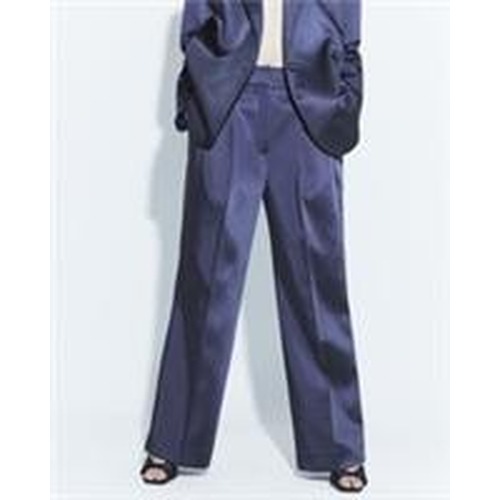 River Island Trousers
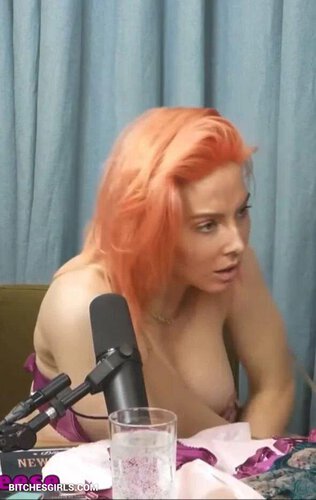 79496904989996180164913375832890992159 thumbnail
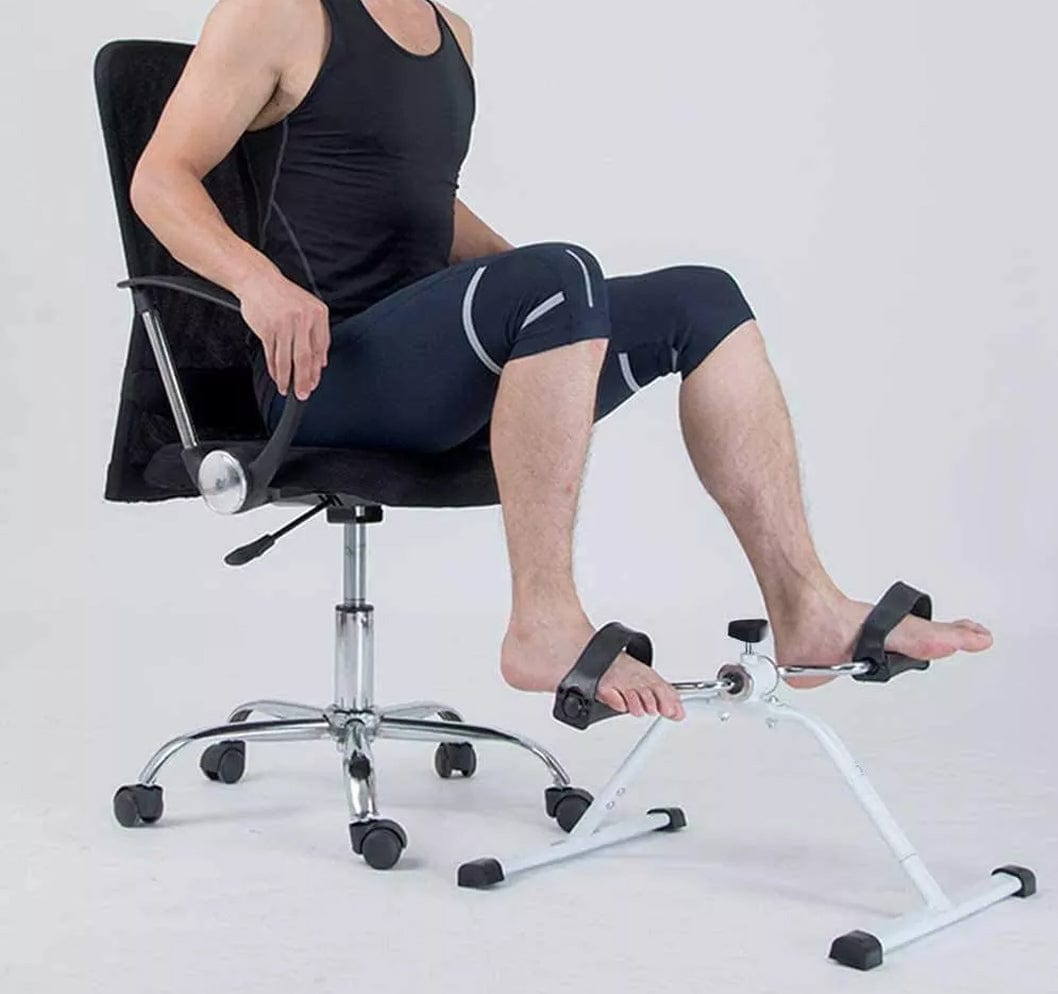 Grand Easy Pedal Exerciser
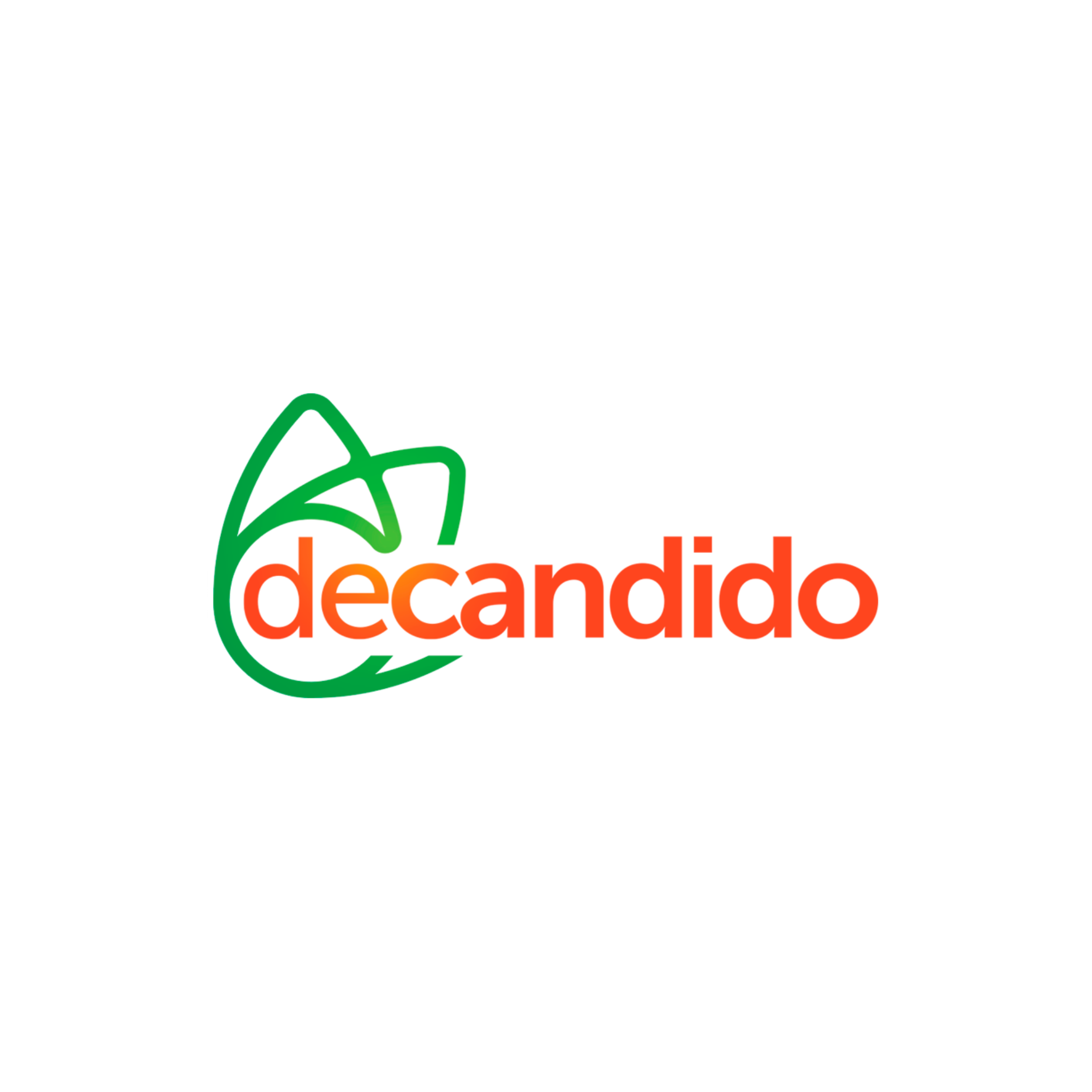 LOGO DECANDIDO2 WEB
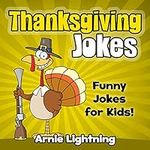 Thanksgiving Jokes: Funny Thanksgiv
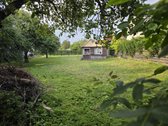 5,78a sklypas su galiojančiu statybos leidimu - nuotraukos Nr. 4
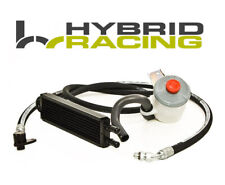 Hybrid Racing Power Steering Conversion Kit Egdcek Must Use K20aa2z1 Pump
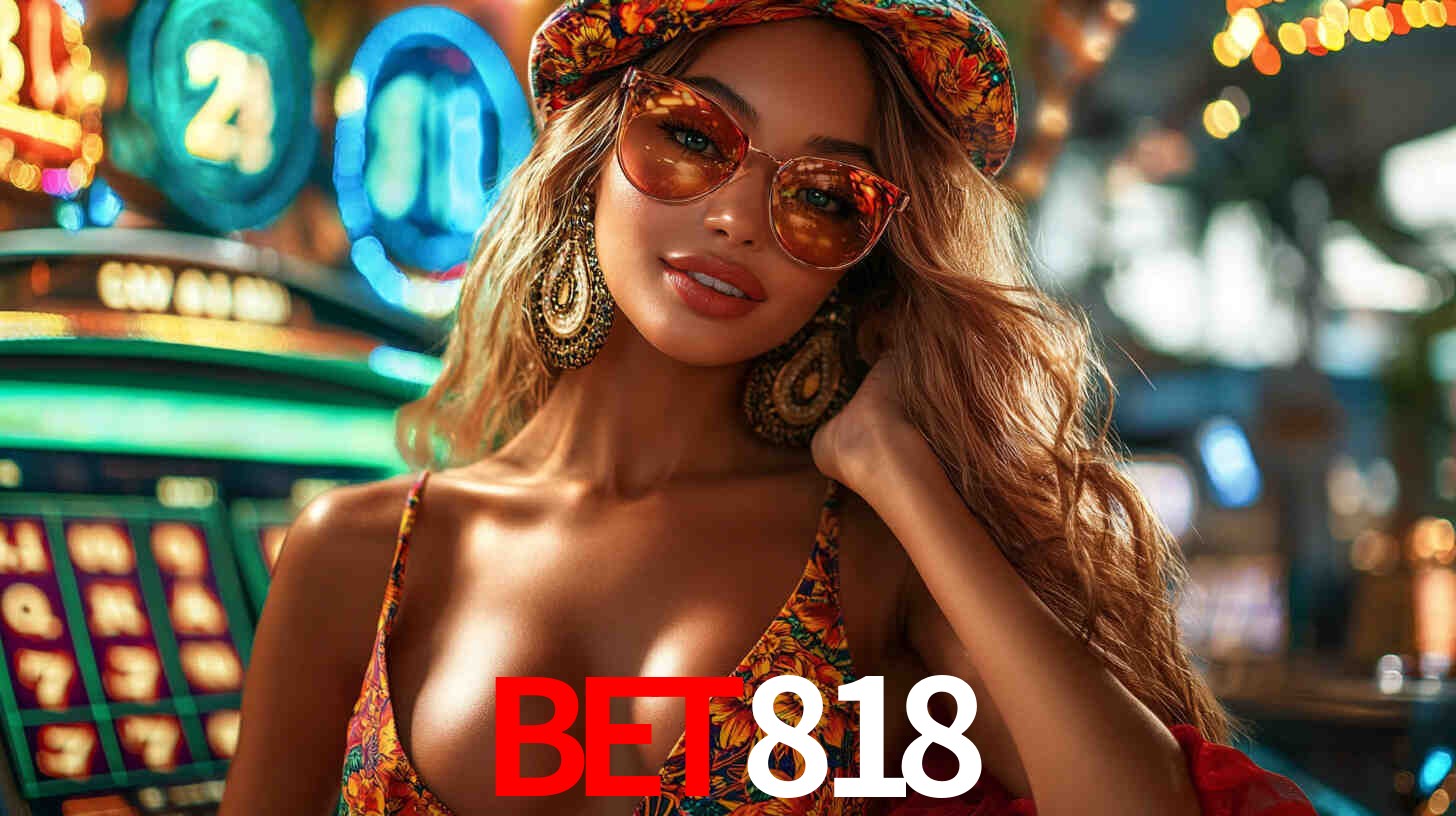 Premium Interface BET818
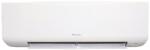 Daikin FWT04HTVD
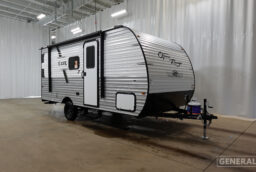 RV Image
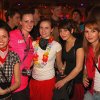 Bild: Partybilder der Party: Feuerteufelparty am 17.02.2012 in DE | Baden-Württemberg | Ravensburg | Altshausen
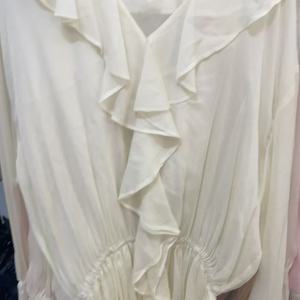 十三行档口单 找女装加工厂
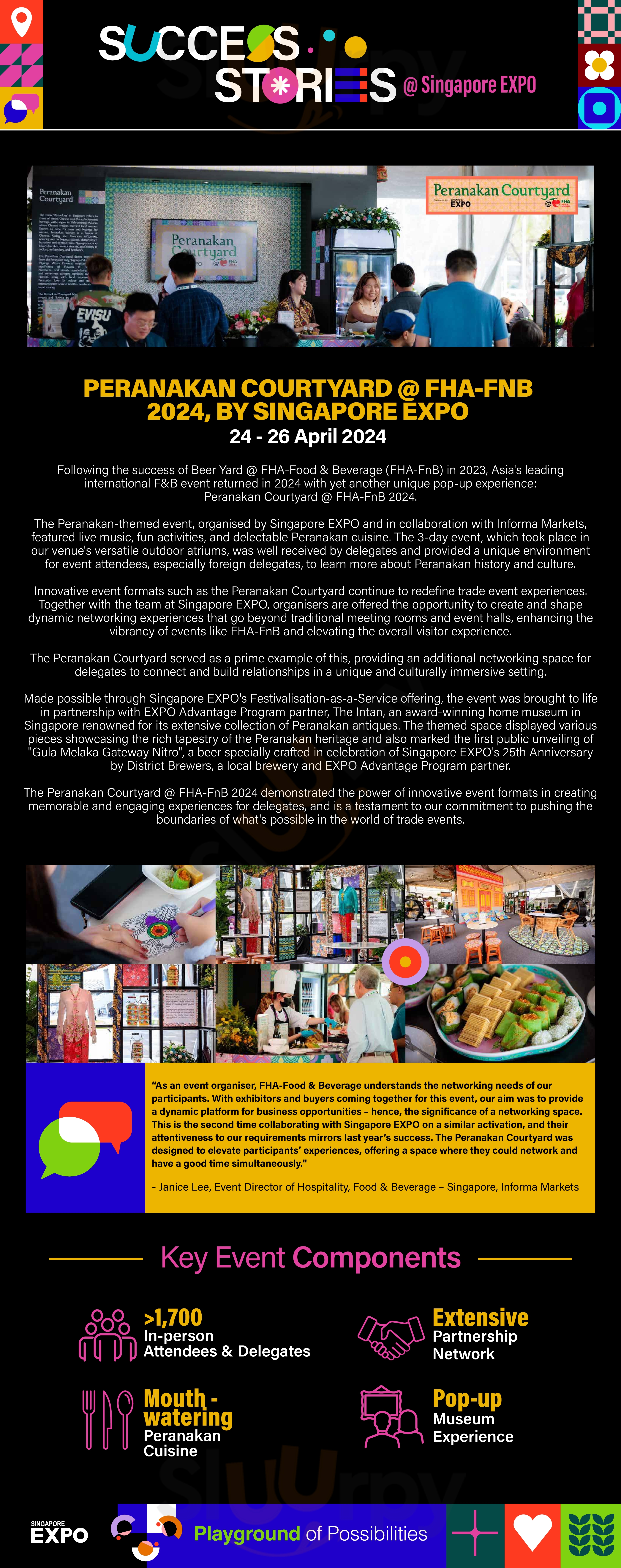 Main Menu - Heath Bistro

---+---

◆ Problem details ◆
Would you restate word for word only the lines from the line with "79496904989996180164913375832890992159 thumbnail" to the last line above, with the pictures left out?

◆ Solved problem ◆
 79496904989996180164913375832890992159 thumbnail
 Grand Easy Pedal Exerciser
 LOGO DECANDIDO2 WEB
 Thanksgiving Jokes: Funny Thanksgiv
 5,78a sklypas su galiojančiu statybos leidimu - nuotraukos Nr. 4
 Hybrid Racing Power Steering Conversion Kit Egdcek Must Use K20aa2z1 Pump
 Premium Interface BET818
 Daikin FWT04HTVD
 RV Image
 Bild: Partybilder der Party: Feuerteufelparty am 17.02.2012 in DE | Baden-Württemberg | Ravensburg | Altshausen
 十三行档口单 找女装加工厂
 Main Menu - Heath Bistro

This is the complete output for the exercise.